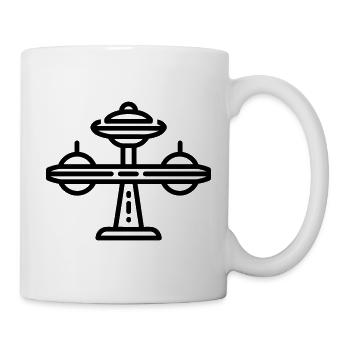 space station - Mug - white - Right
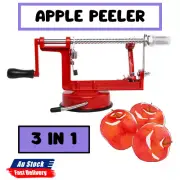 Kitchen Tool Red 3 in 1 Apple Peeler Slinky Machine Fruit Cutter Slicer Corer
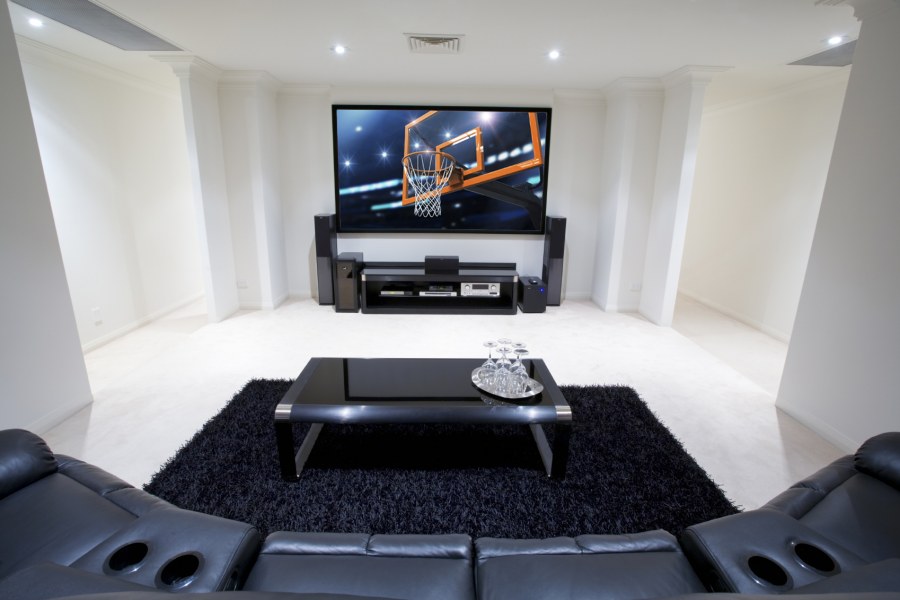 Гостиная в стиле домашнего кинотеатра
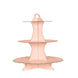 13inch 3-Tier Blush/Rose Gold Cardboard Cupcake Dessert Stand Treat Tower#whtbkgd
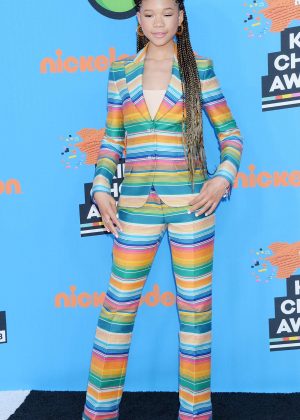 Storm Reid - 2018 Nickelodeon Kids' Choice Awards in Los Angeles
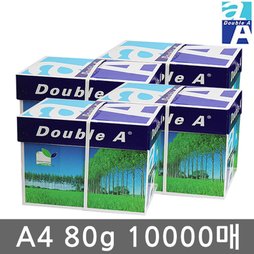 [직배송]더블에이 A4용지(복사용지) 80g 10000매(4박스)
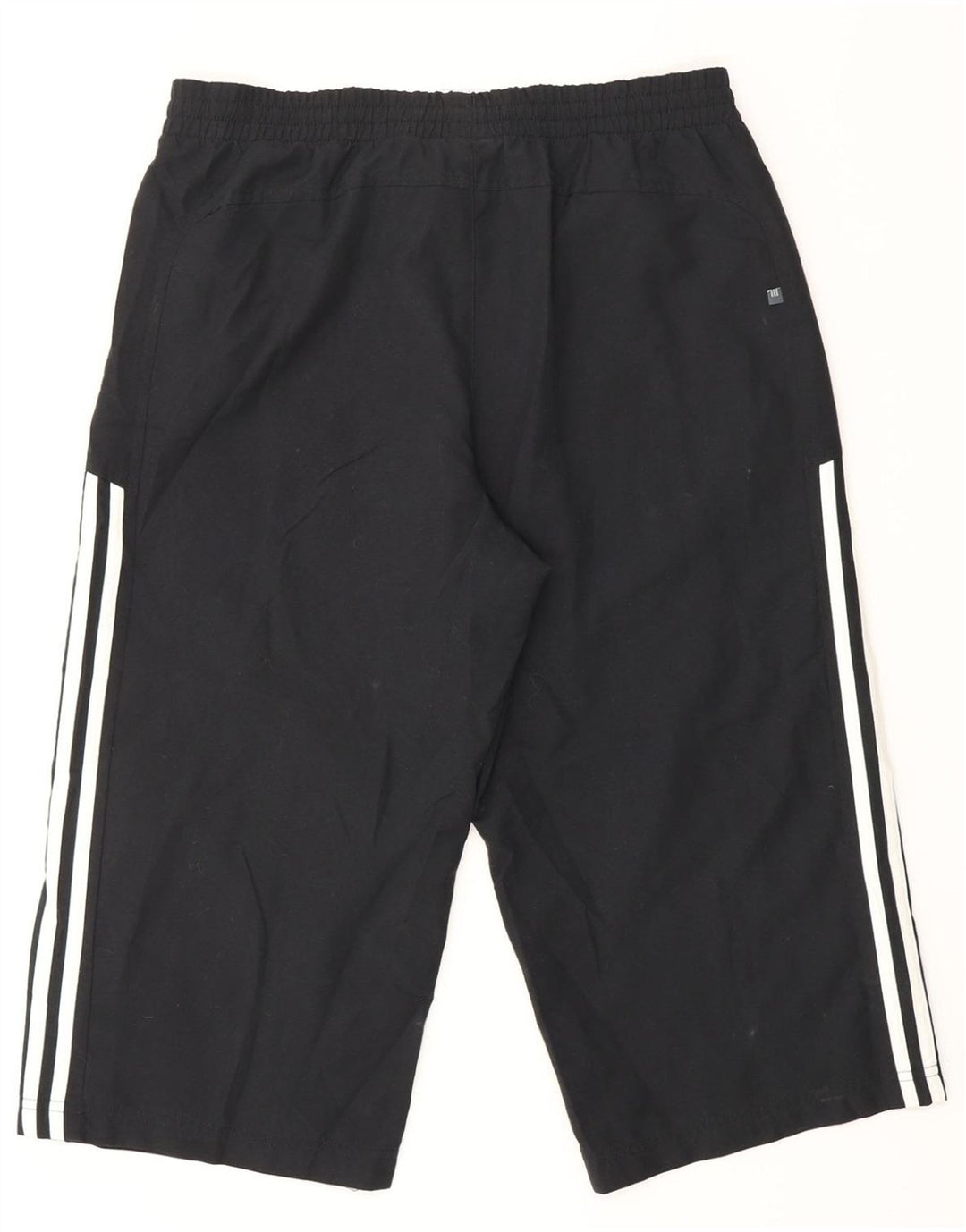 Adidas Mens Capri Tracksuit Trousers Small  Black Polyester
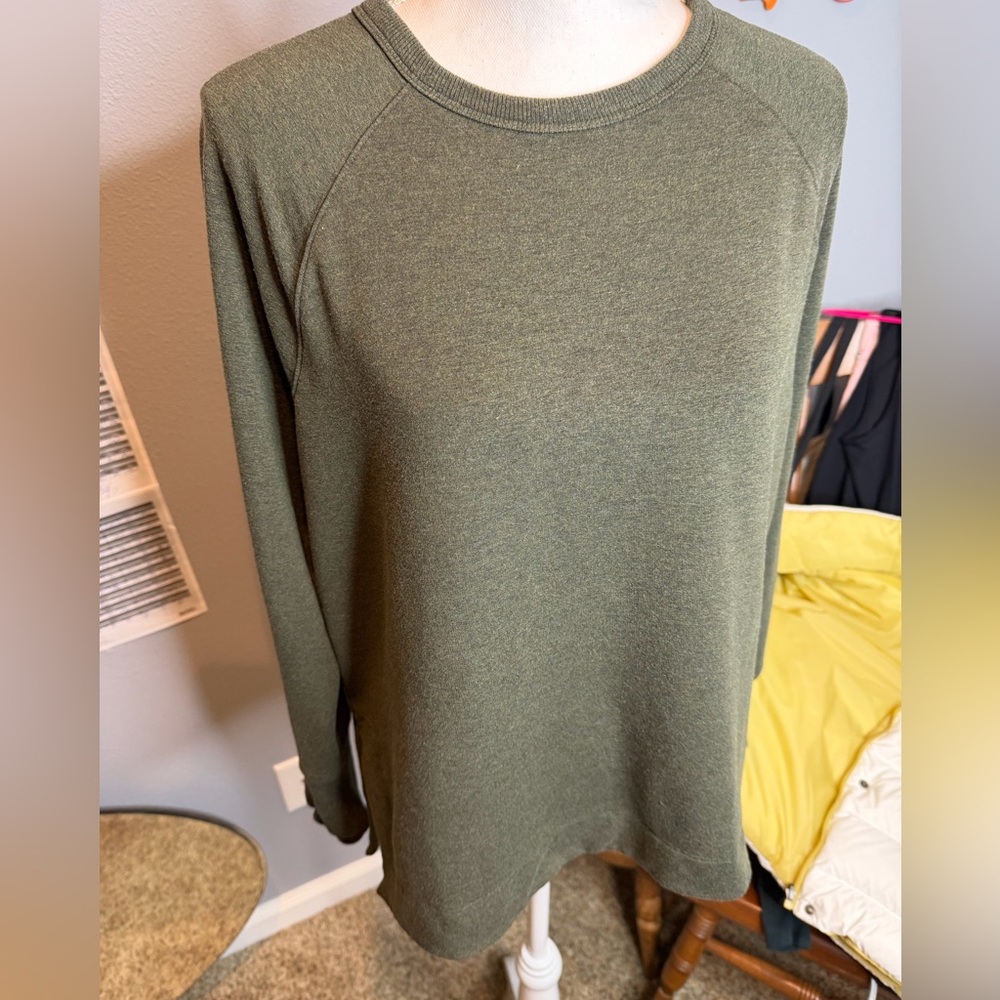 Athleta Olive Green Sweatshirt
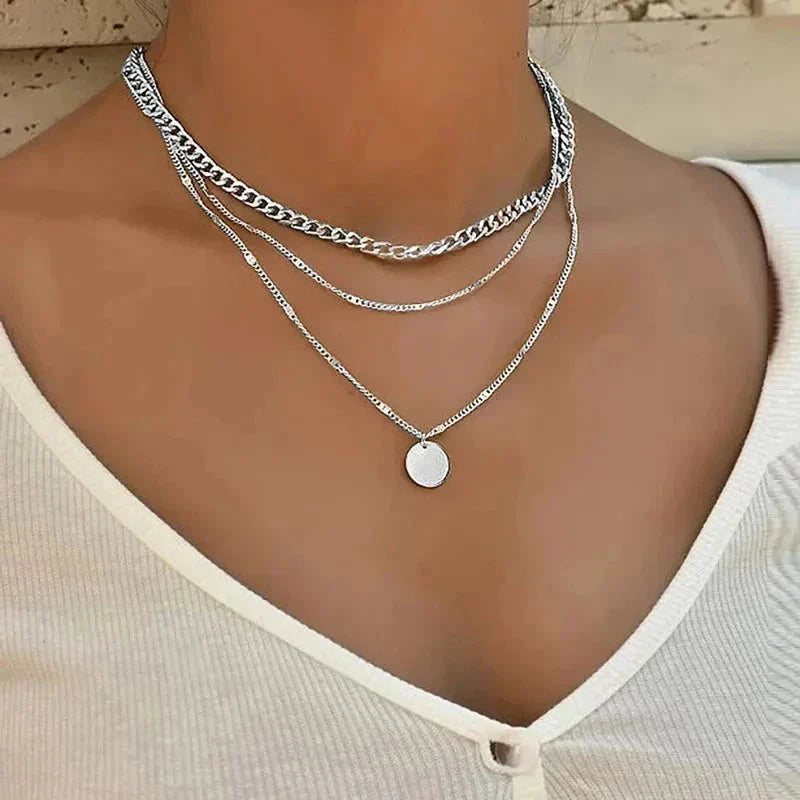 Various delicate necklaces Minha loja 6 - Prata 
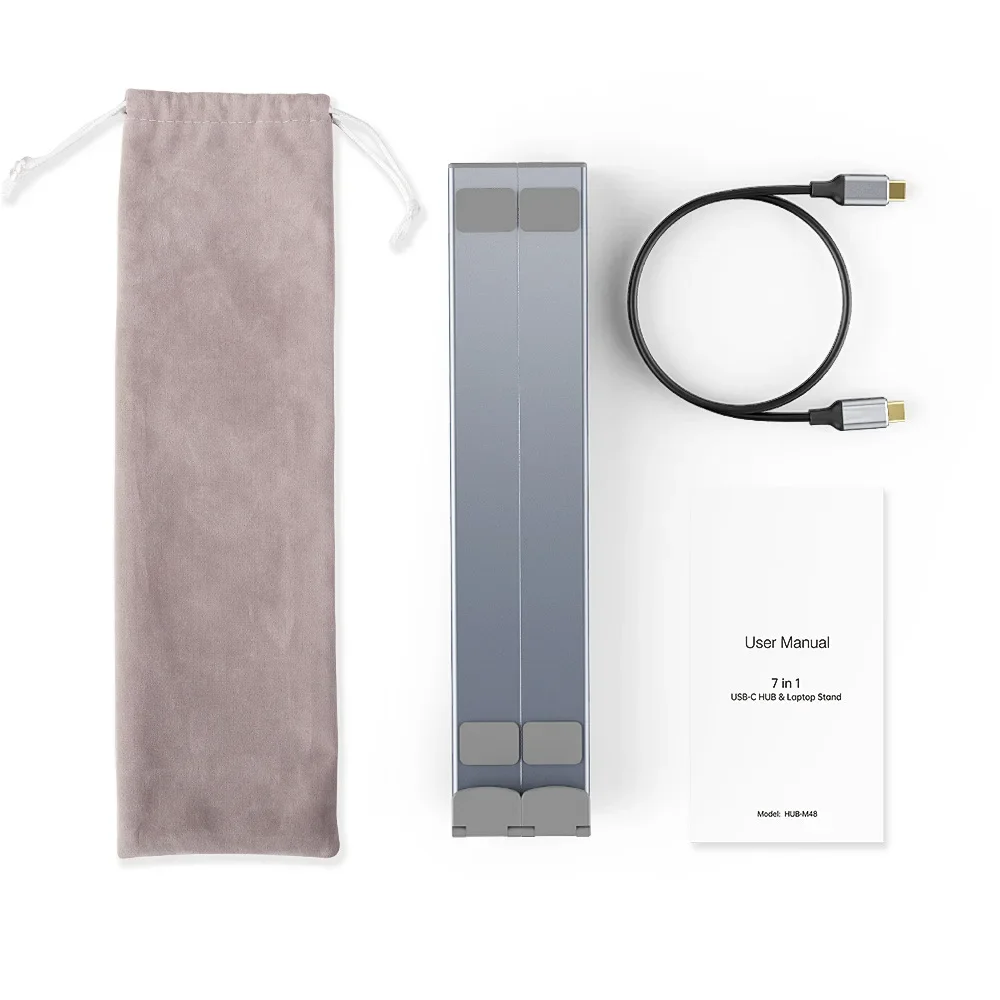 Imagem -06 - Suporte para Laptop com Usb c 3.1 Hub Usb 3.0 em 4k Hdmi sd tf Leitor de Cartão Portátil Ajustável para Macbook Notebook Alumínio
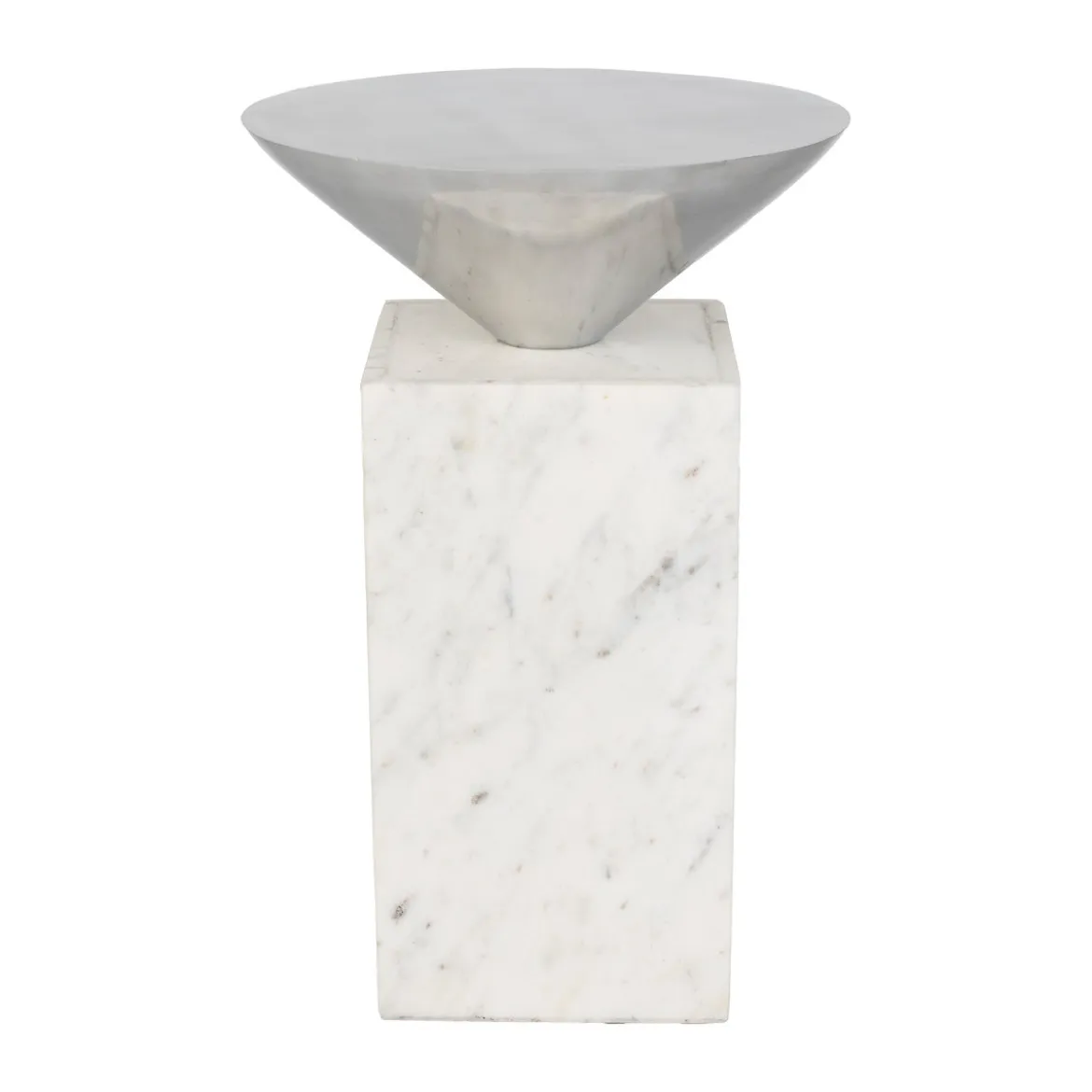 Design tafeltje marmer en zilver - Zuiver Pride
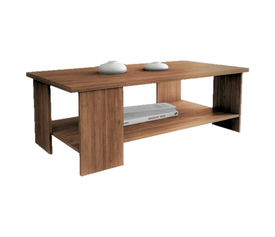 Τραπεζάκι σαλονιού "Resto" 120x60cm καρυδί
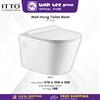 Picture of ITTO 180MM P TRAP WALL-HUNG TOILET BOWL RIMLESS FLUSHING IT-115 White Gold Black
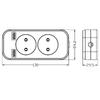 European Power Strip with USB Socket 5V2A - German Standard for Russia, Ukraine, Kazakhstan (P-02)
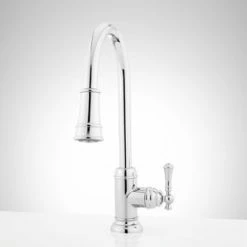 Cheapest 😉 Signature Hardware Amberley Single Handle Pull Down Kitchen Faucet in Polished Chrome 🔔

■ ■ ■ ■

* [WORK TO COMPLETE]:
Set out nothing but the lines from the line with "Design tafeltje marmer" through the end of the material, reproduced exactly, both ends included, pictures omitted.

* [YOUR SOLUTION]:
 Design tafeltje marmer en zilver - Zuiver Pride
 Τραπεζάκι σαλονιού "Resto" 120x60cm καρυδί
 Picture of ITTO 180MM P TRAP WALL-HUNG TOILET BOWL RIMLESS FLUSHING IT-115 White Gold Black
 European Power Strip with USB Socket 5V2A - German Standard for Russia, Ukraine, Kazakhstan (P-02)
 Cheapest 😉 Signature Hardware Amberley Single Handle Pull Down Kitchen Faucet in Polished Chrome 🔔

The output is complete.